- _Problem details_: The listing below contains a span that opens with the line containing "Funny Ravioli Notebook: Hilarious" and closes with the line containing "ダブルウエストクロップド丈パンツ《2025autumn catalog item》". Return that span exactly.

- _Available data_:
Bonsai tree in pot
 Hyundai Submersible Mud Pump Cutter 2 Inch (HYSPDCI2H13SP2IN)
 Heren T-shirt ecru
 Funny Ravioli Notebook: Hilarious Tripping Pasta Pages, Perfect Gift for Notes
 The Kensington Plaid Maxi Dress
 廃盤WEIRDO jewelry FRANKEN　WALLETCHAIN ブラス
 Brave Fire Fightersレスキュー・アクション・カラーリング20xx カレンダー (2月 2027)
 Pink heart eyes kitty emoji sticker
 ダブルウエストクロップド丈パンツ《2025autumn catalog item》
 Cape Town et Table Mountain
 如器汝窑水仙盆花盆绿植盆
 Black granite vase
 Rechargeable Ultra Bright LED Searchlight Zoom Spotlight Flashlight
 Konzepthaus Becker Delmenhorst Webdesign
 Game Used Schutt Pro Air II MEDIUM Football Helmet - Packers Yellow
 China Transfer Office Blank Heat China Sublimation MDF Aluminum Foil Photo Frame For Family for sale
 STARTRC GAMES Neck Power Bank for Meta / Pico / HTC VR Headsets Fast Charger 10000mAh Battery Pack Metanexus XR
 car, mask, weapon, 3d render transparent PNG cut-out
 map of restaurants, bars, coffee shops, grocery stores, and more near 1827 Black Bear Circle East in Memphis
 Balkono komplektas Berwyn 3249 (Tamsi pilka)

- _Response to the task_:
 Funny Ravioli Notebook: Hilarious Tripping Pasta Pages, Perfect Gift for Notes
 The Kensington Plaid Maxi Dress
 廃盤WEIRDO jewelry FRANKEN　WALLETCHAIN ブラス
 Brave Fire Fightersレスキュー・アクション・カラーリング20xx カレンダー (2月 2027)
 Pink heart eyes kitty emoji sticker
 ダブルウエストクロップド丈パンツ《2025autumn catalog item》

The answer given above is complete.